Tuesday, March 28, 2006

Instruments of the Apocalypse: Culture-Killers

There is a zen saying that goes something like this: "Wherever you go, there you are."

It's one of those things that has always intoned for me the importance of being good and true to oneself. It doesn't matter where you end up, because it will always be YOU there. Essentially, the world is what you make it.

I like thinking that.
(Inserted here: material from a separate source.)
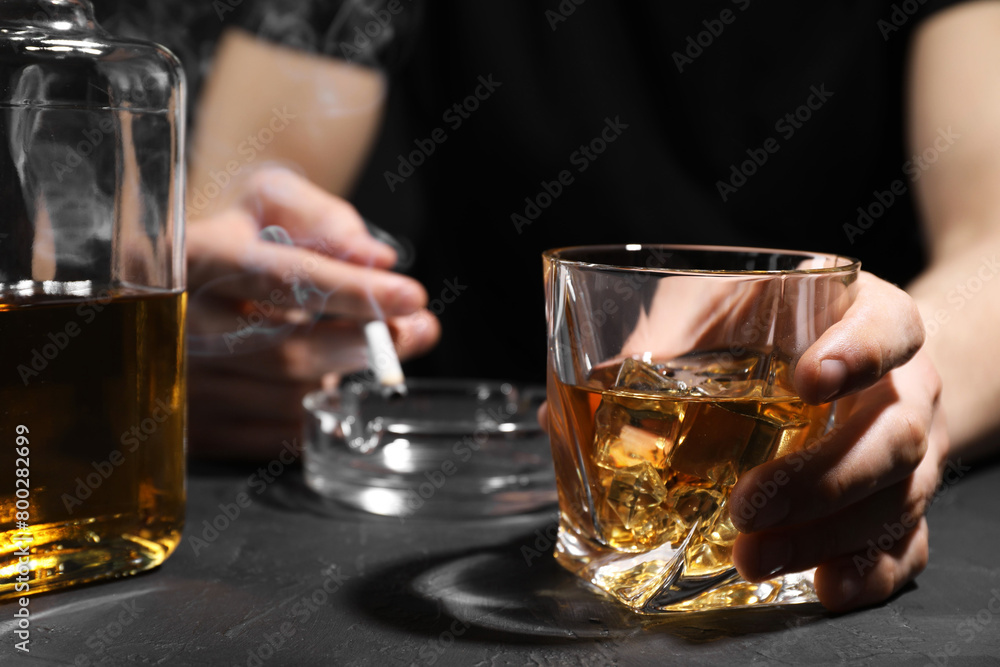Alcohol addiction. Man with glass of whiskey and smoldering cigarette at dark textured table, selective focus Alcohol addiction. Man with glass of whiskey and smoldering cigarette at dark textured table, selective focus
I take comfort in my internal locus of control, and I am a firm believer in the concept of reciprocal determinism (thank you Albert Bandura).

There just comes a time, however, when the life we bring to the party just isn't enough, where we find ourselves trapped in a place so lifeless, so insipid, so completely drained of color and originality that we begin to assimilate with the dreary landscape, becoming Bland Borgs of Boredom.

You wonder where this is?

Sadly, in my opinion, all you really have to do is take pretty much any random exit ramp from any U.S. freeway, and you've found it. The standard features are typically as follows:

McDonald's/Burger King
Denny's/Applebee's/Red Lobster/Olive Garden
Chevron/Shell/Texaco/Exxon/7-11
And of course the overly ubiquitous Wal-Mart and/or Target.

These are fixtures on the American landscape that we not only come to expect wherever we go, but we feel deprived when they are not there. How many times have I caught myself saying in the course of travelling: "Let's keep going until we find a McDonald's [or other familiar restaurant]." or "Oh there's [insert massive chain name here] at the next exit. We'll go there."

How common and trite we've shaped our world. How dependent we've all become on the mass-produced, stamped out of the assembly line predictability of these places. We've become saturated with the sense of security provided to us by nameless faces and faceless names who could care less who we are, so long as we're willing to keep filling their pockets with money if they offer us the right prices and the right names.

Of course many will say that American culture has always made itself a sort of walking advertisement for its own ingenuity; it should be considered a beacon and a blessing that we have been able, as a people, to create such monolithic symbols as Ronald McDonald and Sam Walton's great blue hope, because certainly- at least up until recently- you couldn't ever get Nachos Belgrande in Iraq! It just stops being a positive force for me whenever I feel like wherever I go, the only things that make those places worth being at are the same "comforts" I've left behind.

It's all starting to feel so homogenized and generic. Everything is sponsored by a massive company. There is no such thing as just an ordinary sports stadium named after its own team. It's just a building carrying the bannerhead of the biggest financial contributer on the outside, and when we hear the name Qwest Field (that's the Seattle Seahawks stadium for those not sure), instead of invoking the spirit of the team playing inside, we think of a fucking phone company. Yay!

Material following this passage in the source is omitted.